Talk2Car: Taking Control of Your Self-Driving Car
Overview
For autonomous vehicles to be truly useful as personal transportation, passengers should be able to issue natural-language commands like "park behind that blue car" or "follow the taxi ahead." Talk2Car established the first widely-referenced benchmark for this natural-language command grounding task in driving, built on the nuScenes dataset. Each example consists of a driving scene paired with a natural-language command that refers to a specific object, and the model must predict the correct bounding box of the referred object.
The key distinction from generic visual grounding datasets (like RefCOCO) is that Talk2Car's commands are action-oriented rather than descriptive -- they express what the vehicle should do with respect to visible objects, not just which object to look at. Commands like "stop behind the white SUV" implicitly define a driving action grounded through a referenced object. This framing positions natural-language interaction as a driving interface, not just a perception output.

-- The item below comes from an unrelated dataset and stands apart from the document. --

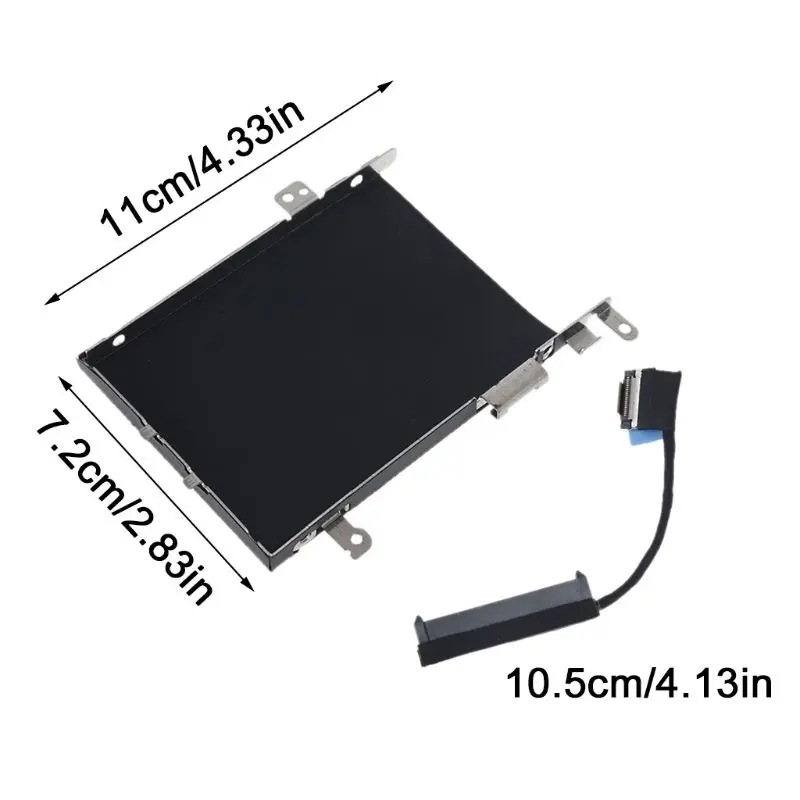 

HDD Caddy Bracket Hard Drive Adapter SSD Cable Connector Laptop Accessory Screw for Latitude E5570 M3510 Laptop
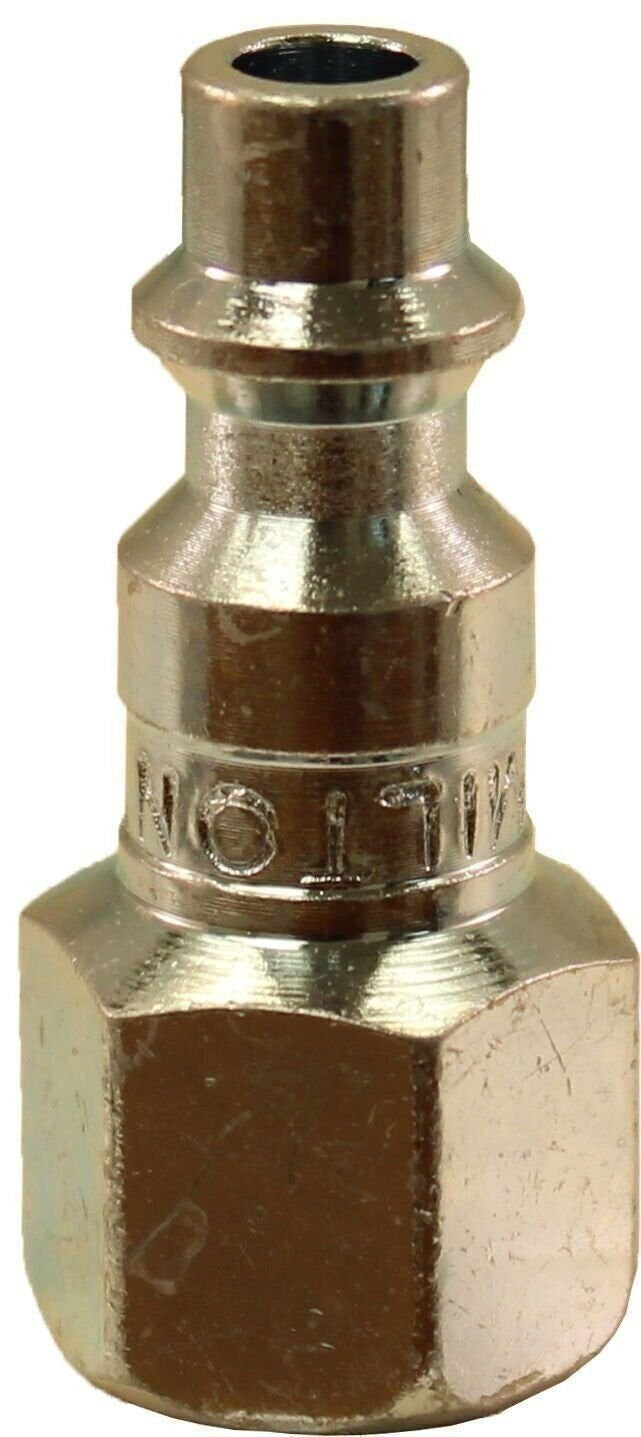 DURAFORCE Milton 728 1/4" FNPT M Style Plug, Pack of 2 - Durable Air Tool Fittings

The companion Talk2Car-Trajectory extension (IEEE Access, 2022) moved beyond "which object?" to "what path should the car follow?", decomposing language commands into object referral followed by trajectory prediction. Together, Talk2Car and Talk2Car-Trajectory form an early bridge from language+scene understanding to language-conditioned planning that later full VLA systems like LMDrive would realize in closed-loop settings.
Key Contributions
- First driving-specific natural-language command grounding dataset: 11,959 commands over 850 nuScenes scenes, with human-annotated bounding boxes for referred objects
- Action-oriented command framing: Commands express vehicle actions grounded via visible objects (e.g., "park behind the white car on the right"), unlike descriptive grounding datasets that just identify objects
- AP/IoU evaluation protocol: Establishes AP50 as the standard metric for measuring referred object localization accuracy in driving contexts
- Talk2Car-Trajectory extension: Decomposes language commands into object referral followed by trajectory prediction, bridging grounding and planning in a two-stage pipeline
- Reusable benchmark: Catalyzed a stream of driving-focused language grounding models and provided a standard evaluation for the community
Architecture / Method
Talk2Car Baseline: Two-Tower Grounding
┌─────────────────┐ ┌─────────────────────┐
│ Driving Scene │ │ NL Command │
│ (Camera Image) │ │ "Park behind the │
└────────┬────────┘ │ white car" │
│ └──────────┬──────────┘
▼ ▼
┌─────────────────┐ ┌─────────────────────┐
│ Visual Encoder │ │ Language Encoder │
│ (ResNet / FRCNN)│ │ (LSTM / BERT) │
└────────┬────────┘ └──────────┬──────────┘
│ │
▼ ▼
┌─────────────────┐ ┌─────────────────────┐
│ Region Features │ │ Sentence Embedding │
│ [r1, r2, ..., rN]│ │ s │
└────────┬────────┘ └──────────┬──────────┘
│ │
└──────────┬─────────────────┘
▼
┌────────────────┐
│ Fusion Module │ score(ri, s) for each region
│ (dot-product / │
│ MLP scoring) │
└───────┬────────┘
▼
┌────────────────┐
│ argmax ──► Box │ ──► Eval: AP50
└────────────────┘
The Talk2Car benchmark provides a dataset and evaluation protocol rather than a single dominant architecture. The dataset is constructed by asking human annotators to write natural-language commands for nuScenes driving scenes. Each command refers to a specific object in the scene (a detected or annotated 3D bounding box), and annotators write action-oriented instructions that a passenger might give.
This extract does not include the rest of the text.